I watched a video of Bernie Sanders in West Virginia speaking with Trump voters. What struck me was how much their concerns overlapped. Jobs, health care, being left behind — they shared more than they disagreed on. Yet they had been taught to hate him, even when the common ground was right in front of them. That tells us something. Maybe the way forward is for the reasonable majority in the middle to stop letting the extremes set the terms and instead focus on what we agree on.
The truth is that the ultra rich want us divided. They need us distracted, fighting over party lines while they strip away freedoms and funnel more power into fewer hands. Bernie put it simply. They are not nice people. It may sound blunt, but it is true.
This is the zeitgeist of hate. It is not natural. It is manufactured. It is the trick of power. One hand waves to keep us angry while the other empties our pockets. And we keep watching the wrong hand.
So what about the hate? That is the point. The powers that be manufacture it because they know that if they give people someone to blame, the blame will not land on them where it belongs. Your trans neighbor is not the reason you are struggling to pay rent or put food on the table. But if they can convince you that person is the problem, if they can frame them as the cause of all your struggles, then you will never look upward to see who is actually responsible.
This is not a radical idea.
It is one of the oldest tricks in the book. History shows us again and again that when people are hurting, those in power hand them a scapegoat. In Nazi Germany it was the Jews. In the Jim Crow South it was Black Americans. During the Red Scare it was anyone who could be branded a communist.

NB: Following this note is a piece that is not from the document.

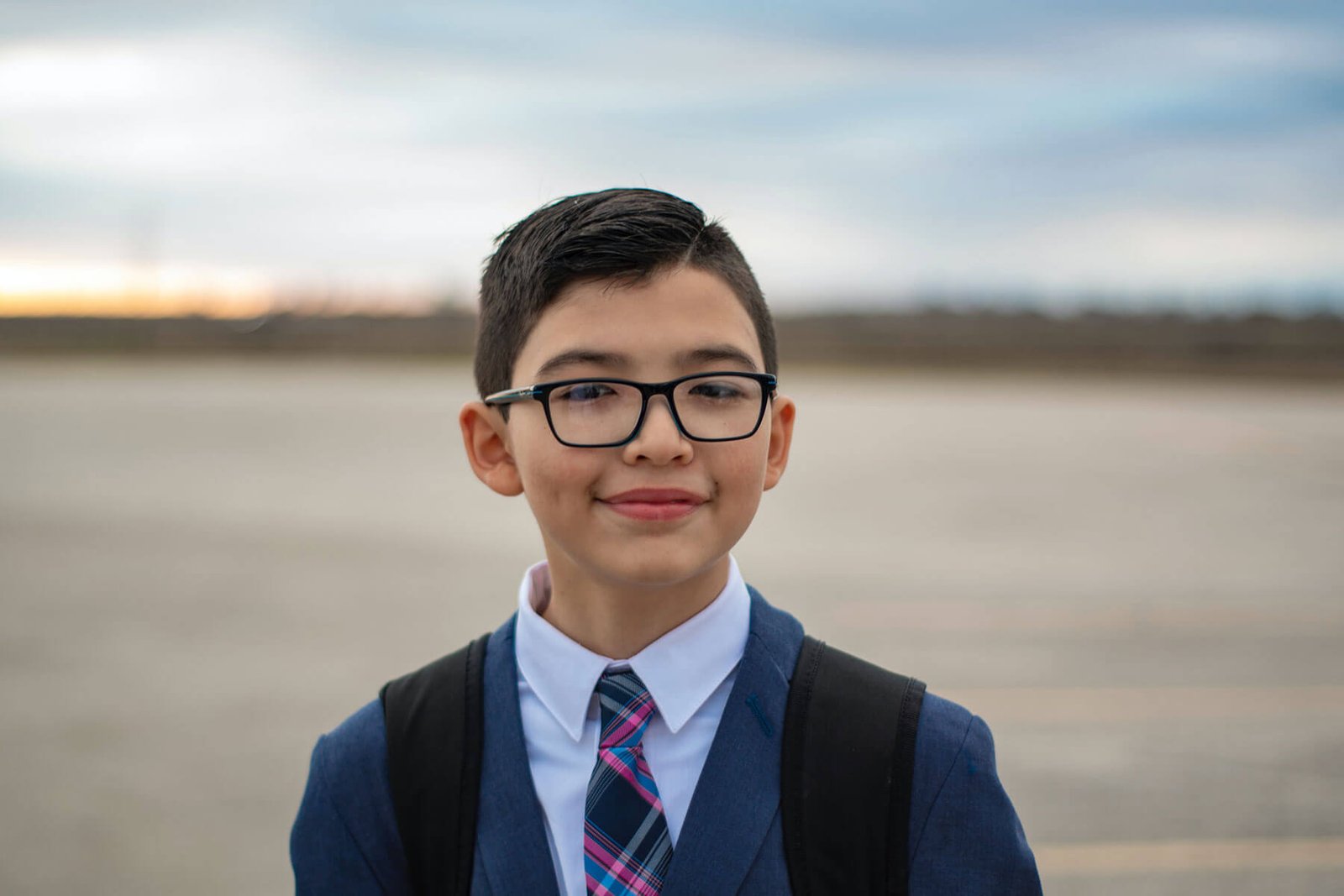CharterSchoolFAQ young boy in uniform smiling at the camera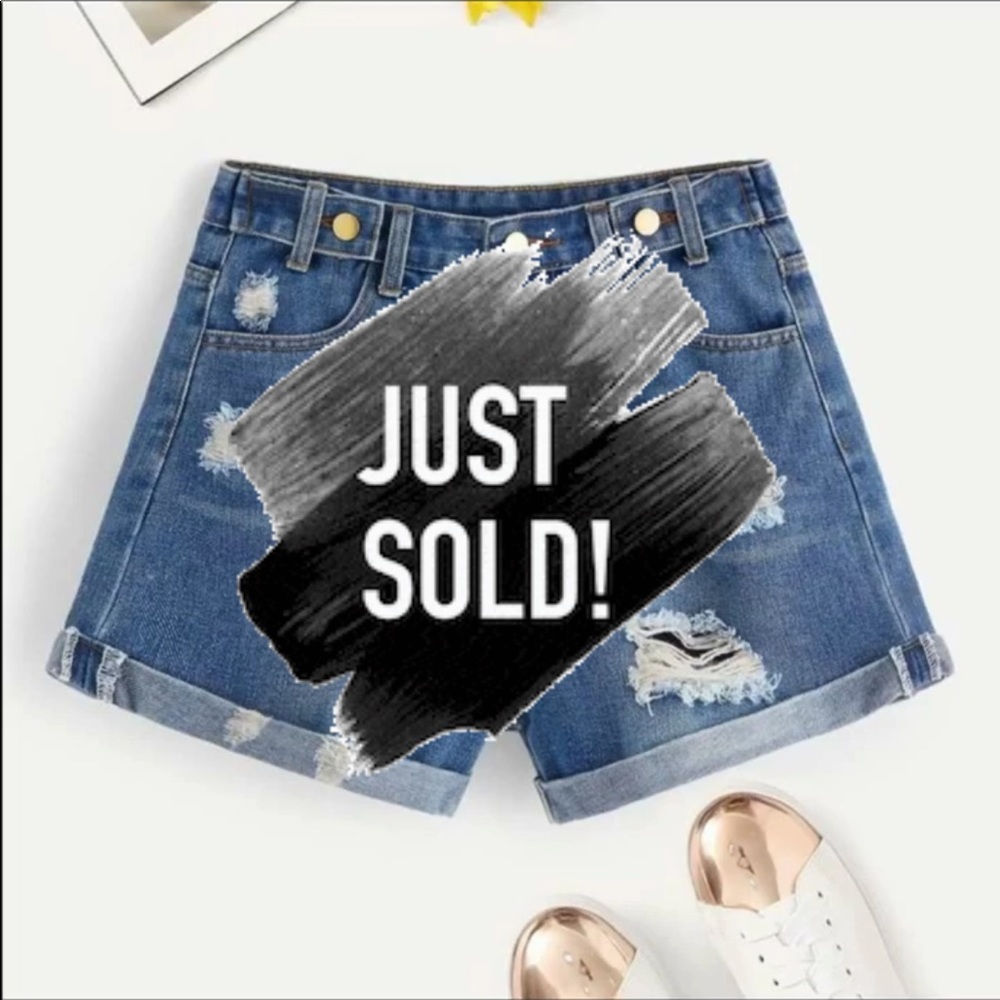 Distressed medium washed jeans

Today it might be your immigrant coworker or your LGBTQ neighbor. The pattern never changes because it works. Distract the people with hate and fear, and they will not notice who is really picking their pockets clean.
Modern research confirms that many Americans see through this game. A Pew Research Center survey found that majorities across party lines believe elected officials use divisive wedge issues not to solve real problems but to rile people up and keep them loyal. Another poll showed that nearly six in ten Americans believe culture war phrases like ESG are deliberately used to divide us. People sense the manipulation, but sensing it and stopping it are two very different things.
Talk to people honestly and you hear it. A Trump voter will often tell you one or two reasons they supported him and then admit they do not believe in most of what he says or does. It comes down to fear. Fear of hunger. Fear of losing work. Fear of losing everything. Reasonable people on the left carry the same fears.
We are more alike than different. We want roofs that do not leak, bills we can pay, food that does not run out, and a chance for our children to hope for more. When we see through the trick and step out of the zeitgeist of hate, we stop being played against each other. Then we can fight together for what truly matters: a fair chance at survival, dignity, and a future that does not feel stolen.